Et d’ajouter :  » Contrairement à l’Italie, avec ses lois anti-mafia, en France, la matière est jeune, en pleine évolution législative et jurisprudentielle. Il y a même peut-être encore une autocensure des magistrats pour saisir. C’est une révolution culturelle au sein de la justice« .

Pour fluidifier la collaboration avec les juridictions, l’Agrasc de Rennes signe des conventions. Comme avec le tribunal judiciaire de Rennes.  » Cela permet de venir récupérer directement les décisions de justice par exemple », illustre Nathalie Ciret, greffière.

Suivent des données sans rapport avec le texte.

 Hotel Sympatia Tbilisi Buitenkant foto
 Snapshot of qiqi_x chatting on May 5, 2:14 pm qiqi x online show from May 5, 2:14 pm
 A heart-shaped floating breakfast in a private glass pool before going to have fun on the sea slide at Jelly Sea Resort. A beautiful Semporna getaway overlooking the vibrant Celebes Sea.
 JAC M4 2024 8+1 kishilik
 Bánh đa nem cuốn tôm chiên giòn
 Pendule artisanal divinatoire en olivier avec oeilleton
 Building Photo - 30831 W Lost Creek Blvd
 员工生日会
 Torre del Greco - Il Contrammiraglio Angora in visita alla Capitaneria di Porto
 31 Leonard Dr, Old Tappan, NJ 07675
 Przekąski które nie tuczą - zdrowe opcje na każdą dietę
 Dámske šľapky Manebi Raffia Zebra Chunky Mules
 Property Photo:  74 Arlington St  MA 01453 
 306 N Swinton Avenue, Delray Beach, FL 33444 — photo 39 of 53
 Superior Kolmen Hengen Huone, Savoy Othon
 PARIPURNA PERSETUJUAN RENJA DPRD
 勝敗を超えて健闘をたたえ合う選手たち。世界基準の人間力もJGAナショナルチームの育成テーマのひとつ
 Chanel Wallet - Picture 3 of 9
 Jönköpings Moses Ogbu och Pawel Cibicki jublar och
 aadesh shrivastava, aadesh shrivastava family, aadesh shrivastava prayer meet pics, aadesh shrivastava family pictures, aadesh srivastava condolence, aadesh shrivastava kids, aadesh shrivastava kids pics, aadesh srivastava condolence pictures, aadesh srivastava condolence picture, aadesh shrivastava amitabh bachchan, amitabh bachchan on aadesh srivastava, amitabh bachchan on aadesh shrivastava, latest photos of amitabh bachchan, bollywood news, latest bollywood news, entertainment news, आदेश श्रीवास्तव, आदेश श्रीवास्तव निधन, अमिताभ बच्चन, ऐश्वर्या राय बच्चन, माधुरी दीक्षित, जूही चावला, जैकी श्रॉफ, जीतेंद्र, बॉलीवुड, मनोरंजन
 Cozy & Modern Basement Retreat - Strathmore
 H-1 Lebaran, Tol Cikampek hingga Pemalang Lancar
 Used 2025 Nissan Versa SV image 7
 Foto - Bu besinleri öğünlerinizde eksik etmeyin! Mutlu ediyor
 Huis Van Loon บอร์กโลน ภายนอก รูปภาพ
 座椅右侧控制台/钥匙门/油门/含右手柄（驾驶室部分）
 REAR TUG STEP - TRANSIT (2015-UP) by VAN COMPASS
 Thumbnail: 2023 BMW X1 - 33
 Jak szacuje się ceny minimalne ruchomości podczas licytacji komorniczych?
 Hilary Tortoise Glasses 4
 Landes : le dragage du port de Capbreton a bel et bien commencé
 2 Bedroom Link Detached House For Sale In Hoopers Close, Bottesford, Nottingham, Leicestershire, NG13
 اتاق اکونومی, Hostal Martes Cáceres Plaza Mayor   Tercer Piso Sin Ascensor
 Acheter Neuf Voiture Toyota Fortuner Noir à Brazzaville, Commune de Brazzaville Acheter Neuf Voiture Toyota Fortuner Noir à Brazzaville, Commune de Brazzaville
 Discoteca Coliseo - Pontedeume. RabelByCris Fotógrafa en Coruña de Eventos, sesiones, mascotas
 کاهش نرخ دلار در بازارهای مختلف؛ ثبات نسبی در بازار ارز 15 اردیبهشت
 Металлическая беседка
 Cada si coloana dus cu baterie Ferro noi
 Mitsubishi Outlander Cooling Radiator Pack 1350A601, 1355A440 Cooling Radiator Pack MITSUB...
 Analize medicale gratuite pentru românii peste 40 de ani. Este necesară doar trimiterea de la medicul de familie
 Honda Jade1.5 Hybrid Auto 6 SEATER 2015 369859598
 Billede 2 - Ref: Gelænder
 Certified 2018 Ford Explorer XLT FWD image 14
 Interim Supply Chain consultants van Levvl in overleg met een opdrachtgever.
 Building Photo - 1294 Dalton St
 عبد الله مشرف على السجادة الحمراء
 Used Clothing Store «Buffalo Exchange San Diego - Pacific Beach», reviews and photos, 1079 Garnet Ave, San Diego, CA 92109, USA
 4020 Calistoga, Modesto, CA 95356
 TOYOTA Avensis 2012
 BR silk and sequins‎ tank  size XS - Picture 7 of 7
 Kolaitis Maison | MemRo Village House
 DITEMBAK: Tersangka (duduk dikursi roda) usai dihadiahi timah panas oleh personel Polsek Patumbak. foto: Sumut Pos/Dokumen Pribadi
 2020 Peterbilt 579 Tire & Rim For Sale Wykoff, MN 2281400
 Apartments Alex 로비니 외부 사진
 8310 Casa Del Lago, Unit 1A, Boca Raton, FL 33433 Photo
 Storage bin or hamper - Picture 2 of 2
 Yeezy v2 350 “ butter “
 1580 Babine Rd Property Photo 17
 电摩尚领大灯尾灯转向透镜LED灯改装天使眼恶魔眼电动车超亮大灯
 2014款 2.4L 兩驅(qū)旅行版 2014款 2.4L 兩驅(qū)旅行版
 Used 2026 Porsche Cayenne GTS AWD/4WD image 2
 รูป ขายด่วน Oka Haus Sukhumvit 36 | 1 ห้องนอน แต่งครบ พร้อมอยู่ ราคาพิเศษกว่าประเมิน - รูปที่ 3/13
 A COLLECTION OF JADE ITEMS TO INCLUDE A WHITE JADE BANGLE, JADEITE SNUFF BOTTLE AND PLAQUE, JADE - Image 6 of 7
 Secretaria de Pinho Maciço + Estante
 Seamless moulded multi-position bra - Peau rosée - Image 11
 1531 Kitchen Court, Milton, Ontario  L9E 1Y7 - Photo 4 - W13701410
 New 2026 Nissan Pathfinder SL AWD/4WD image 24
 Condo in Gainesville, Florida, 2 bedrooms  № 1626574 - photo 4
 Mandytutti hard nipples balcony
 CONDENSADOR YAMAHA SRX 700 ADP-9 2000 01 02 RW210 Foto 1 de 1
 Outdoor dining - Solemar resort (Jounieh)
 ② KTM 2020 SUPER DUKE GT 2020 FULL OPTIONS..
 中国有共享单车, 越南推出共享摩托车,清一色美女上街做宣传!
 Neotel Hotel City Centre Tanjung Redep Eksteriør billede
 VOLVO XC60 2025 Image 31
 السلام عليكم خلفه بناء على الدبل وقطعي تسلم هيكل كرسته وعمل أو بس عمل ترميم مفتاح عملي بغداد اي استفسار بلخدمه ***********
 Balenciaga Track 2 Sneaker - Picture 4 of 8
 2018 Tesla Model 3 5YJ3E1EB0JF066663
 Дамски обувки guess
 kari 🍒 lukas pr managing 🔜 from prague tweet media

Au-delà de ces aspects très pratiques, Aurélie Poirier éclaire l’assistance aux magistrats que propose l’Agrasc : « Sans jamais se substituer à eux, évidemment, nous pouvons travailler ensemble à des stratégies d’enquête patrimoniale et détecter les dossiers à forts enjeux. Toutes les juridictions ne sont pas au même stade de maturité, la formation de tous les maillons du circuit – enquêteurs, magistrats, greffiers – est cruciale. »

2023

National

1,4 milliard d’euros saisis, dont un gros dossier de 500 millions saisis par le Parquet national financier

175 millions d’euros confisqués

110 millions reversés au budget général de l’État

Rennes

12,4 millions reversés (hors immobilier)

Volume financier de toutes les affaires traitées par Rennes : 90 millions (hors international et hors immobilier). Le gros du portefeuille relève de la cour d’appel de Rennes et de la JIRS.